昨年7月に安倍元首相が奈良で撃たれ死亡したが、その際も襲撃されたのは応援演説の最中だった。両事件からは警備の難しさが浮き彫りとなった。来月には広島でG7サミットが開催されるが、その際は多くの海外要人が訪れ、ホテルなどで会合を開催することから、警察としては厳重な警備を敷きやすい。しかし、民主主義の根幹である選挙とは、本来候補者たちが国民に対して自らのビジョンや政策を訴える重要な機会であり、そこには厳重な警備というものは馴染まない。ここに選挙における警備の難しさがある。

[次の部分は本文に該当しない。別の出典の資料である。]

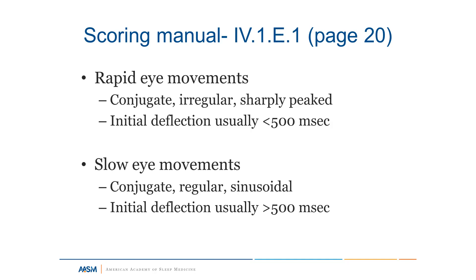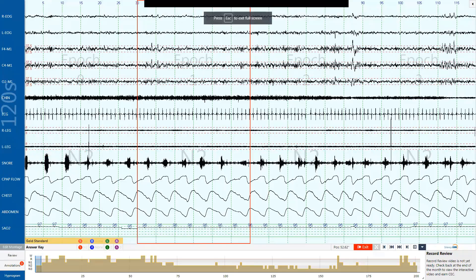I'm going to switch between these PowerPoint slides and the ISR itself. This is the ISR interface — to orient you, you'll log in through the ISR program, each with your own individual account. You'll be able to score one 200-epoch record every month, and you'll also have the ability to look at archived records for additional practice. I'll orient you to the screen and talk about some of the keys you'll use for the scoring interface.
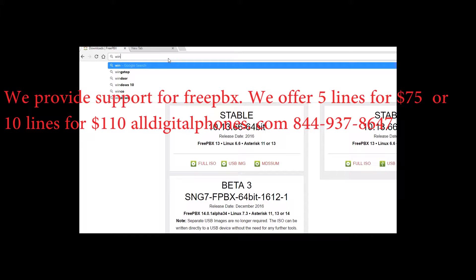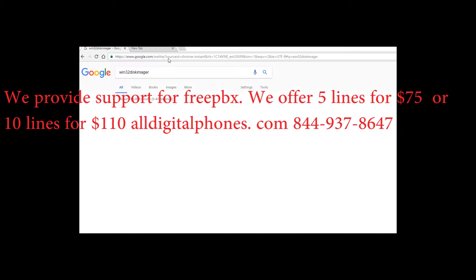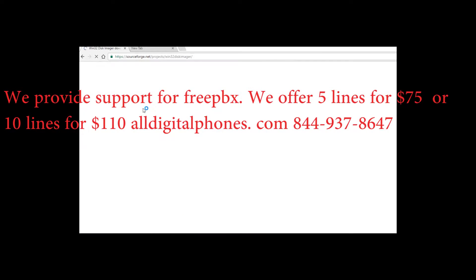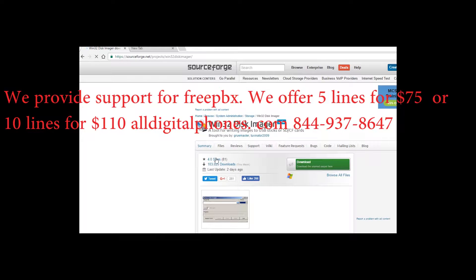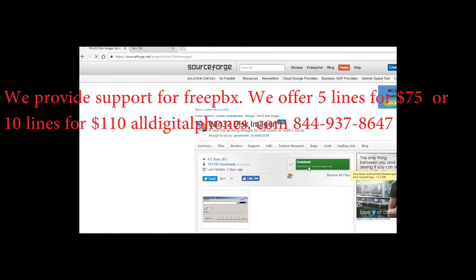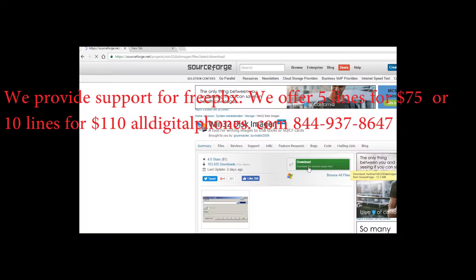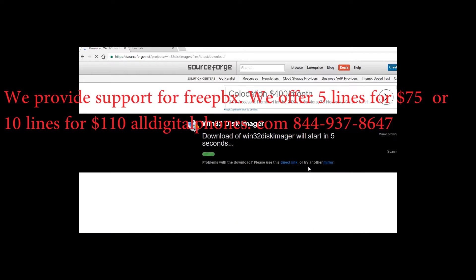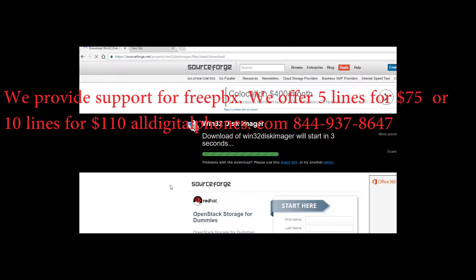While that image is being downloaded, search for Win32 Image Writer. Click on that first link and we're going to be downloading this program. This program is going to write the image to the USB drive for us. Wait until the program downloads.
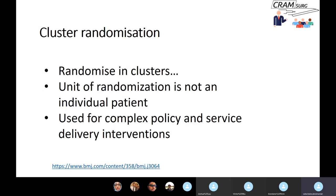Cluster randomisation is where the unit of randomisation is not an individual patient but a group. For example, you might randomise all hospitals in England to either the treatment group or the standard group — saying that for all low risk thyroid cancers, one hospital performs total thyroidectomy while another performs hemithyroidectomy. This doesn't work very well for surgical research in general, though there are exceptions. This type of randomisation is usually used for complex interventions.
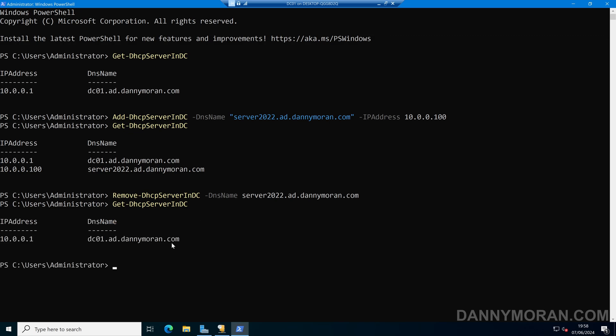That's how you can authorize or unauthorize DHCP servers in an Active Directory network using either PowerShell or the DHCP management console.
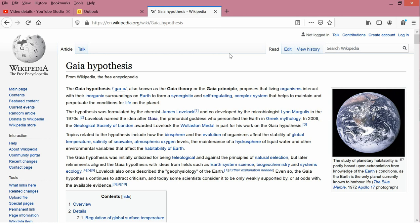Then, Lovelock named the idea after Gaia, the primordial goddess who personified Earth in Greek mythology. And the last paragraph here says, The Gaia hypothesis was initially criticized for being teleological, that is, well, and against the principles of natural selection. That means that it supposes that nature or evolution actually has a goal, that it's directed. And the last sentence says, Even so, the Gaia hypothesis continues to attract criticism, and today some scientists consider it to be only weakly supported by or at odds with the available evidence.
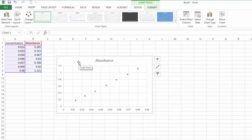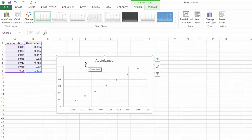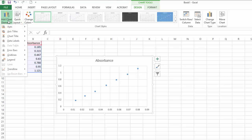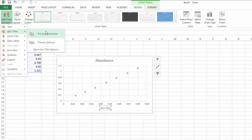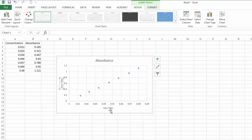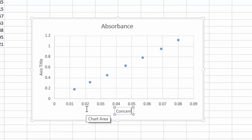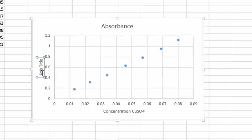I'm going to add some axis titles. You can either go into Quick Layout if that's available, or go into Add Chart Element and go to Axis Titles to add those in. My x-axis title is 'Concentration of Copper Sulfate' and the y-axis title is 'Absorbance'.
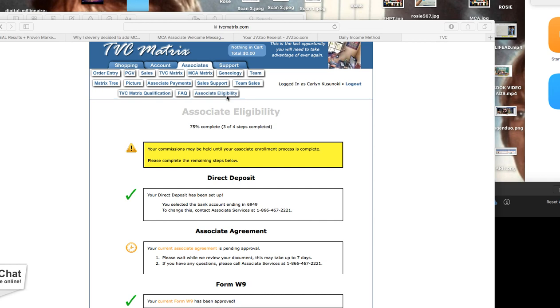That was in the other video, but for this video, this is going to be the documents that you need to have turned in. What you can do is go ahead and download it, print it, and you can take a picture and send it back to MCA to make sure you get everything done. So click on associates, associate eligibility.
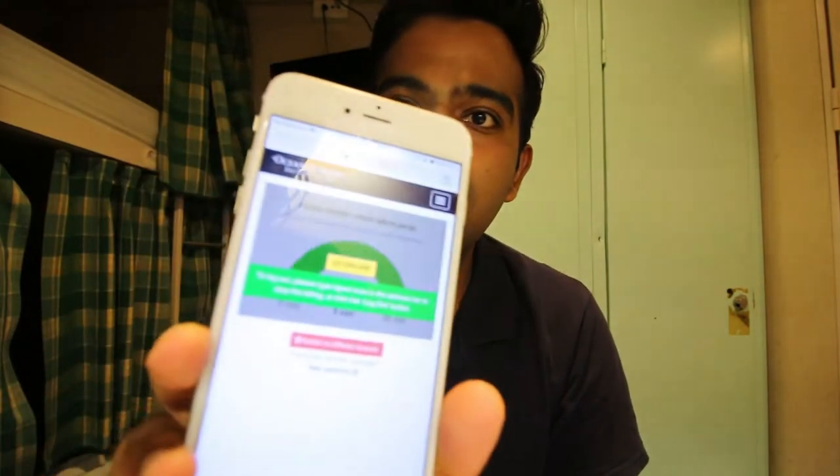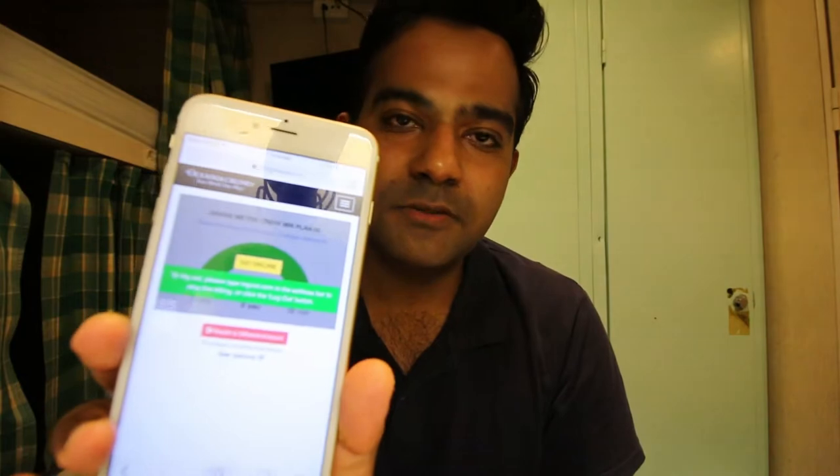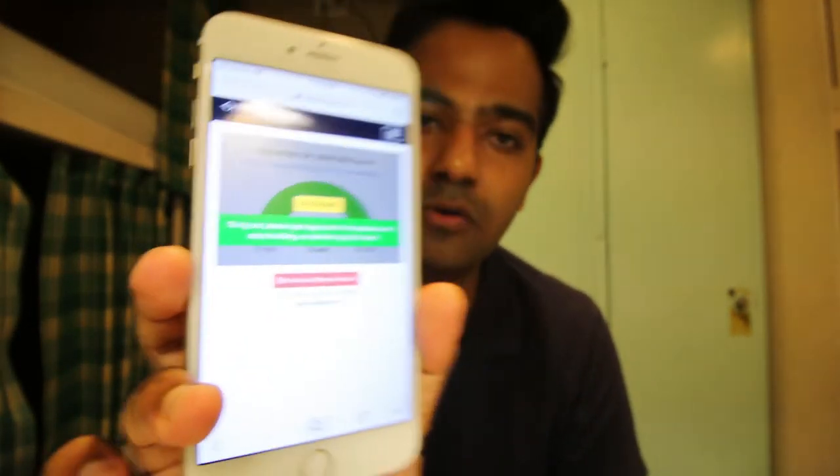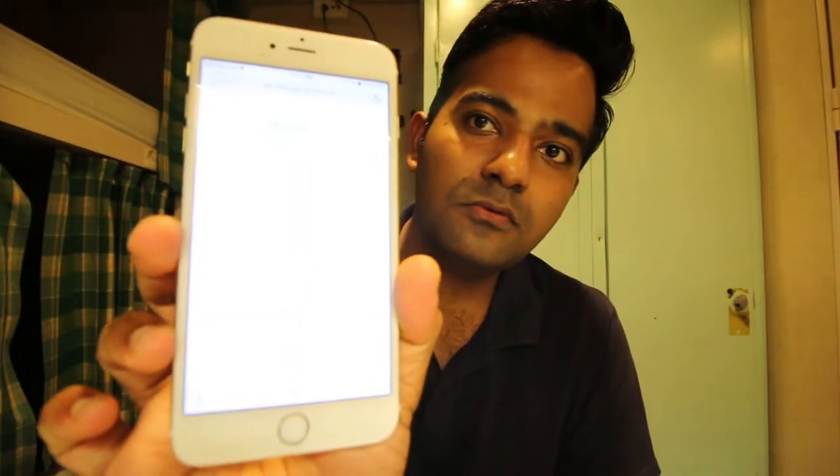My account is already registered, so I'm going to press go online. If you are a first-time user, you will see a registration page where you fill in your cabin number, name, email ID, and password. After you complete that process, you will see this page — just press 'Go Online' and your internet is connected.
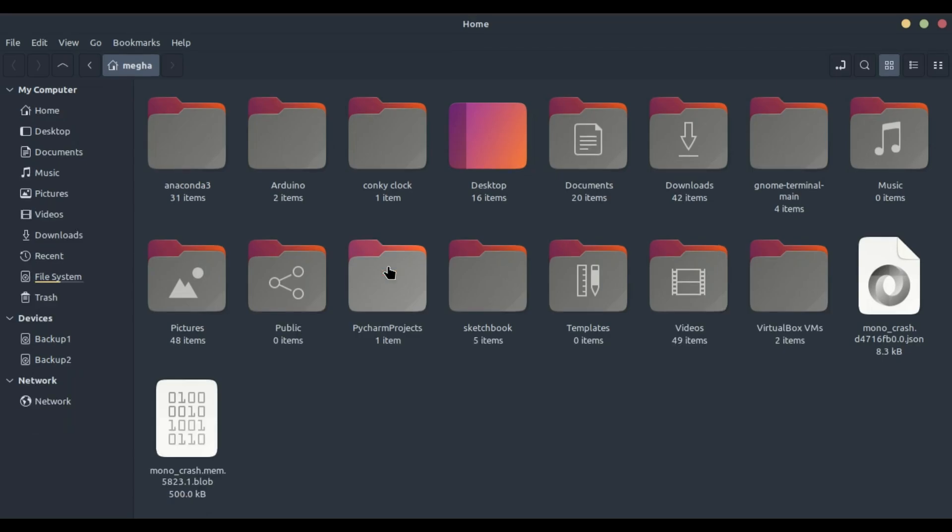Hello everyone. Welcome back to our channel. Today, we're going to talk about an incredibly useful feature in the Nemo File Manager that can significantly boost your productivity, the extra pane feature.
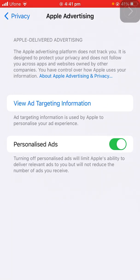As you can see, Personalized Ads is on. This means the advertising platform is designed to protect your privacy and does not follow you across apps and websites owned by other companies. So you have control over how Apple uses your information.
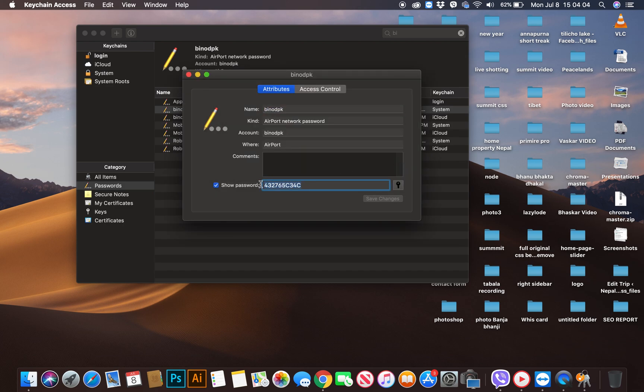Now your Wi-Fi password appears in the show password field. Thank you.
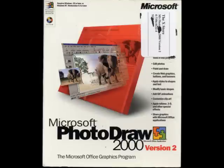Hello, and welcome to this presentation. I promised you in the last video that I would show you how to make a birthday card using Microsoft PhotoDraw 2000 version 2.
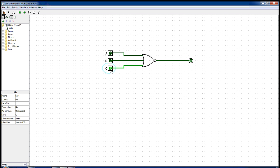That's all. This is how a three input NOR gate works. Thank you.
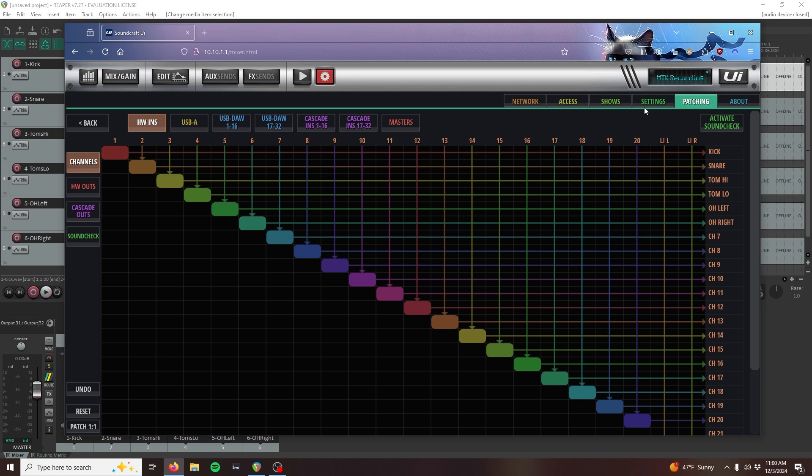On the left side of the patching grid, select the SoundCheck button. This should automatically select the USB-A on the top side of the grid, showing us the default soundcheck patching of the USB stick channels.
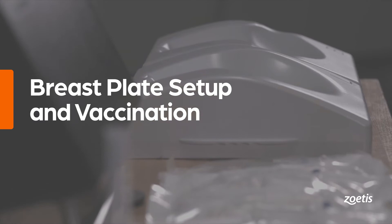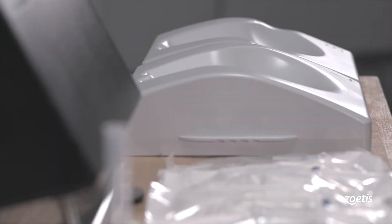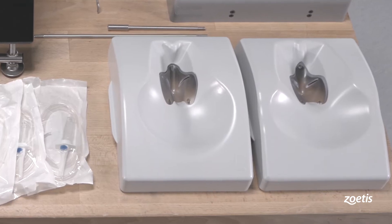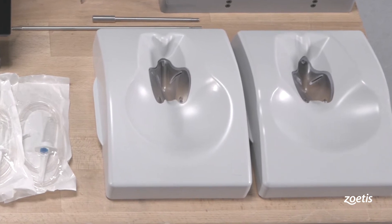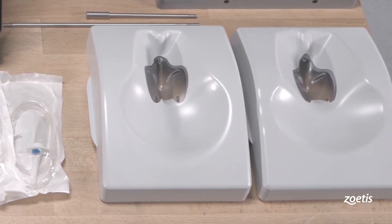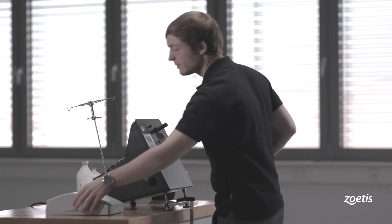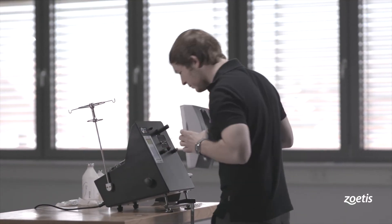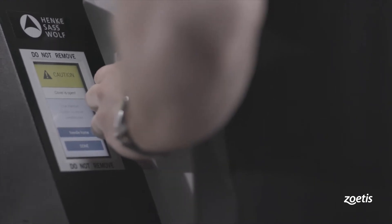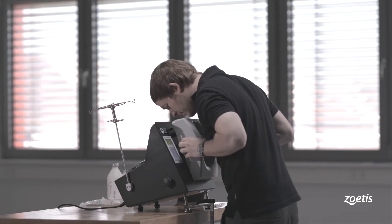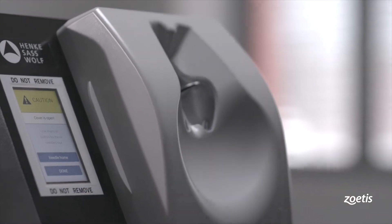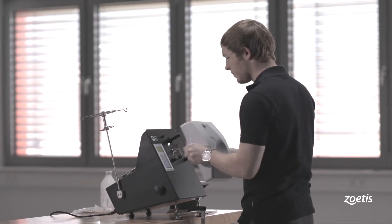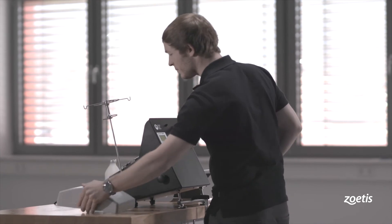The device can be used with different sizes of breastplates. The plate for layers is indicated with an L, and one for broiler breeders is indicated with a B on the plate. The breastplate is held in place using magnetic fixtures. To attach the plate, align the connections and place the breastplates on the device. To separate the breastplate, hold it on the left and right-hand sides and pull it towards you.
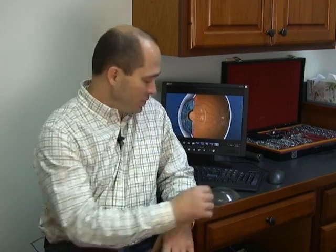So what is astigmatism? In its simplest form, astigmatism is an off-round surface on the front of the eye that creates blur at both distance and near. Let me demonstrate this to you.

また、今回の事件は首相の応援演説中での犯行ということで、これをテロ事件と捉える動きもある。事件のインパクトも極めて強く、不安や恐怖心が社会に広がったことから、その点を重視すればテロ事件と捉える動きも強いことだろう。

しかし、学術的にはテロという言葉に厳格に定まった定義は存在せず、1つ重要なポイントを挙げるとすれば、テロには政治的動機があるかどうかが重要な分岐点となる。

世界では、イスラム過激派や極右勢力によるテロ事件が依然として続いており、2024年の米国大統領選挙でも暴力的な白人優位主義者の動向に懸念が強まっている。しかし、こういった過激主義の背景には、「中東から欧米諸国を追い出す」「バイデン政権を退陣させる」「欧米から移民や難民を追い出す」といった政治的な動機がある。テロリストは、本来自らが貫く政治的な主義・主張を達成するため、暴力的手段で社会に不安や恐怖心を拡大させ、政権の政策を変更させる、政権を崩壊させることなどを考えている。

それに照らせば、今日容疑者が沈黙している段階で同事件をテロと定義することはできない。容疑者が岸田政権への不満を抱き、岸田政権の崩壊を狙って犯行に及んだのか、もしくは単なるイベント的な個人的理由に基づくものなのか、仮に後者であれば、我々はテロと断定することには慎重になるべきだろう。

一方、海外メディアもこの事件を一斉に報じた。米紙ニューヨーク・タイムズは、発生現場は安倍氏が亡くなった奈良に近いと報じ、ロイター通信や韓国聯合ニュース、英国BBCなども安倍氏の事件と関連させながら大々的に報じた。

安倍、岸田と日本の指導者たちを狙った事件が連続して起こったことに、平和で安全な国家日本のイメージが変わろうとしている。既に岸田首相は、今回の事件によって警備を強化するよう全警察に呼び掛けたが、広島でのG7サミットはそれを占う上でも重要となる。

仮に、G7でバイデン大統領などが事件に巻き込まれたとなれば、日本警察の警備能力に各国の疑念が広がるだけでなく、米中対立や台湾情勢、北朝鮮の核ミサイルなど安全保障上問題に苦慮する日本にとって大きな外交的損失になる。現在、日米関係に亀裂が入ることは何としても避けなければならない。

中国はそういった事件を機に、台湾情勢で軍事的挑発をさらにエスカレートさせ、北朝鮮は米国が台湾情勢に時間を割かれることを利用し、朝鮮半島での軍事的挑発をエスカレートさせる恐れがある。